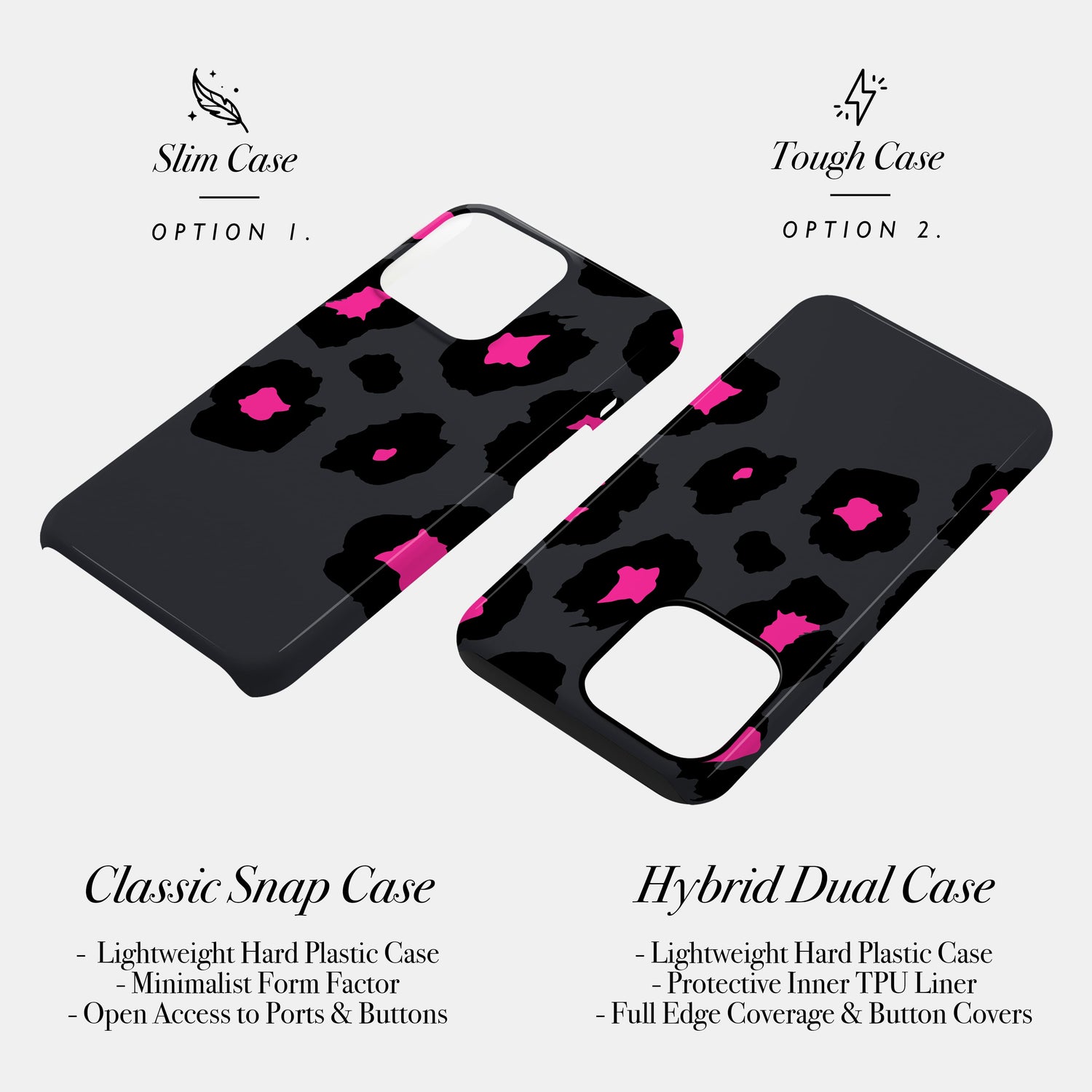 Pink Grey Leopard Print Case Phone Case
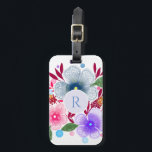 Söt Watercolor Blommigt Bouquet Monogram Bagagebricka<br><div class="desc">Söt personlig-bagagemärke med blommigt av vattenfärg.</div>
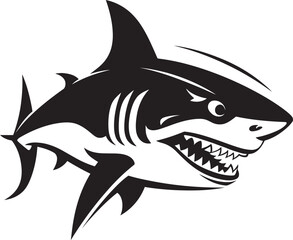 Sleek Predator Vector Black Icon Design for Dynamic Shark Oceanic Vigilance Black Iconic Shark Emblem Design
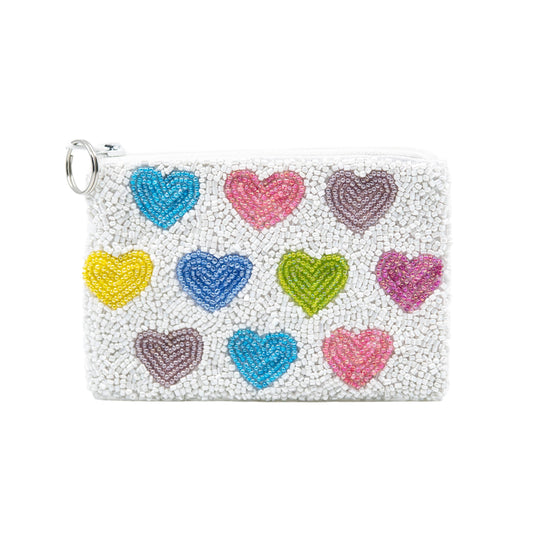Multi Heart Beaded Coin Purse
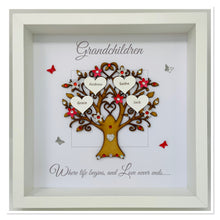 Load image into Gallery viewer, Grandchildren Family Tree Frame - Red &amp; Silver Glitter - Contemporary
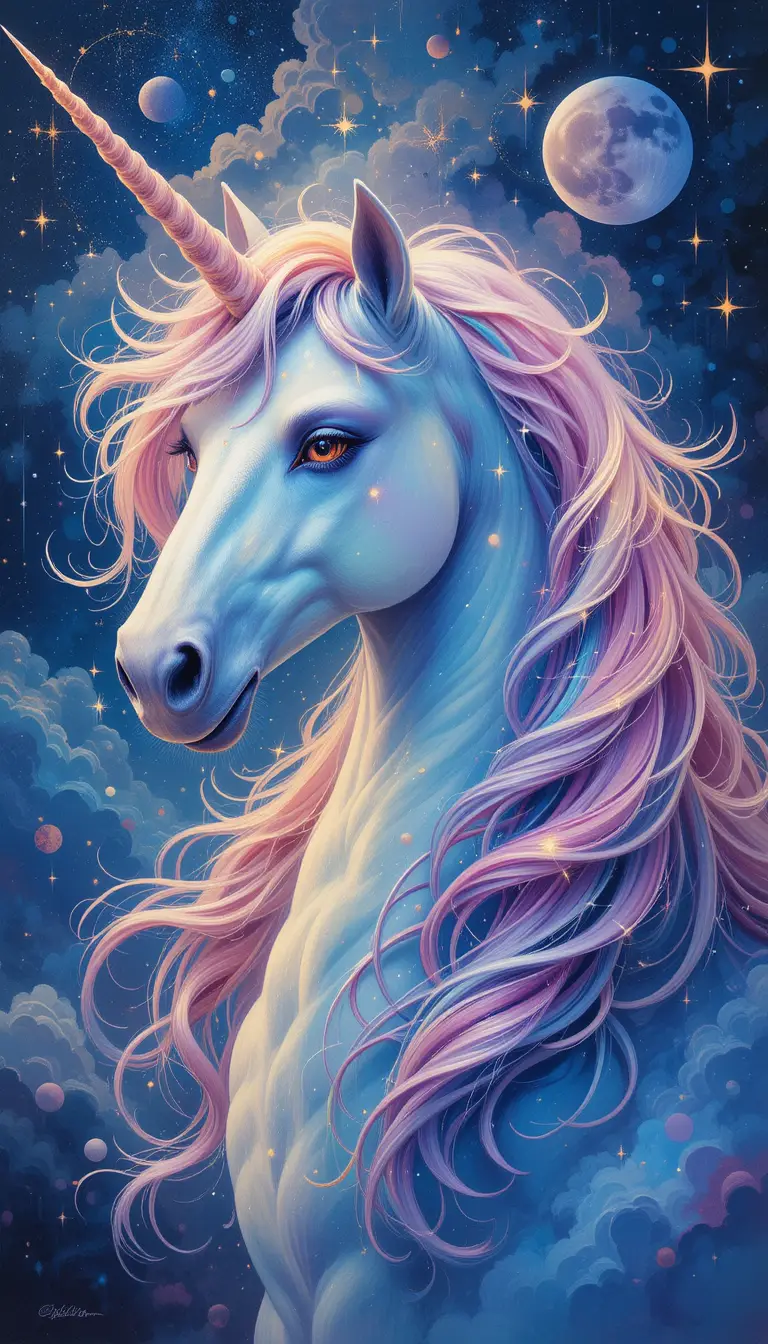 Ritratto di un maestoso unicorno sotto un cielo notturno cosmico e magico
^^^^
--- ABOUT THIS TASK ---
Write out the whole of the data exactly; the pictures stay out.

--- PROBLEM SOLUTION ---
 Pink Grey Leopard Print Case Phone Case
 Söt Watercolor Blommigt Bouquet Monogram Bagagebricka<br><div class="desc">Söt personlig-bagagemärke med blommigt av vattenfärg.</div>
 Sleek Predator Vector Black Icon Design for Dynamic Shark Oceanic Vigilance Black Iconic Shark Emblem Design
Multi Heart Beaded Coin Purse
 Load image into Gallery viewer, Grandchildren Family Tree Frame - Red &amp; Silver Glitter - Contemporary
 Ritratto di un maestoso unicorno sotto un cielo notturno cosmico e magico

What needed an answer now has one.